» **Provided material**:
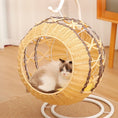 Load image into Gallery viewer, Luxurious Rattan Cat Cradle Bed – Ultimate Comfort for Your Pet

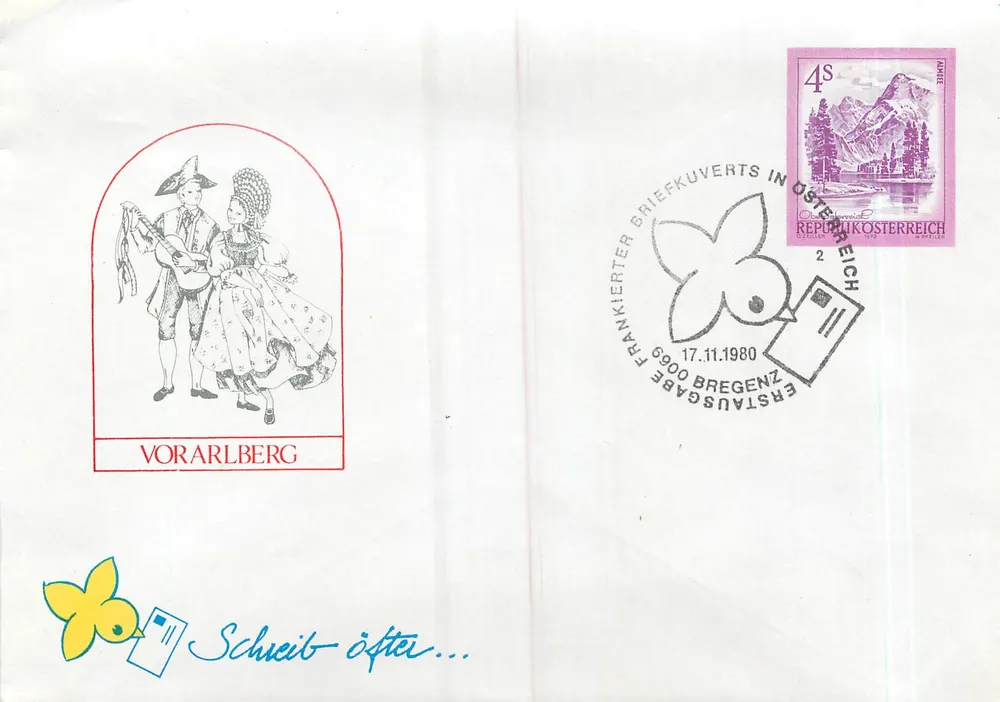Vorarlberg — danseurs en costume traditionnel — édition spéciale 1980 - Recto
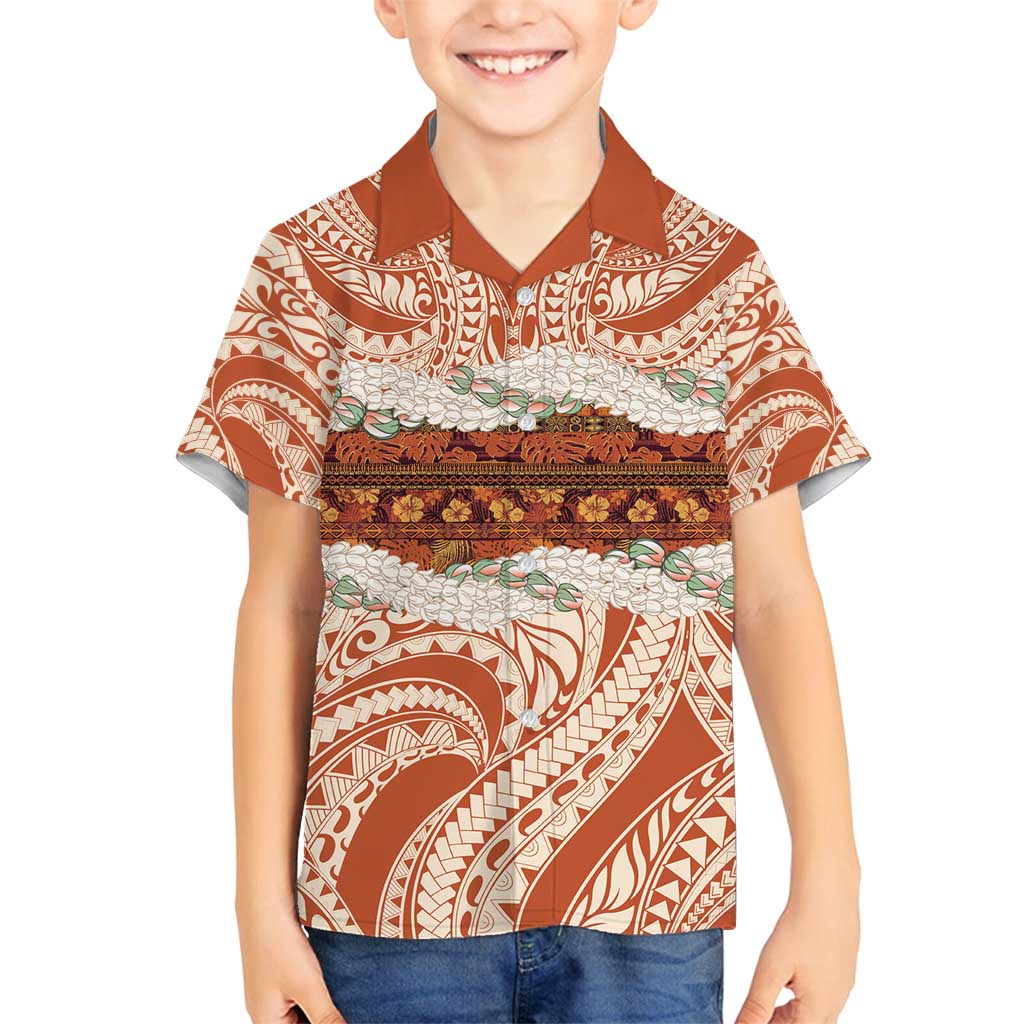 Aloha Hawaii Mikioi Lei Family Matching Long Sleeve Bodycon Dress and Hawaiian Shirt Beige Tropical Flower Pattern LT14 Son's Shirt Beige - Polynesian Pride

» **Try it**: Each line of the data should be printed again exactly. Please leave pictures out.

» **Result of the task**:
 Load image into Gallery viewer, Luxurious Rattan Cat Cradle Bed – Ultimate Comfort for Your Pet

Vorarlberg — danseurs en costume traditionnel — édition spéciale 1980 - Recto
 Aloha Hawaii Mikioi Lei Family Matching Long Sleeve Bodycon Dress and Hawaiian Shirt Beige Tropical Flower Pattern LT14 Son's Shirt Beige - Polynesian Pride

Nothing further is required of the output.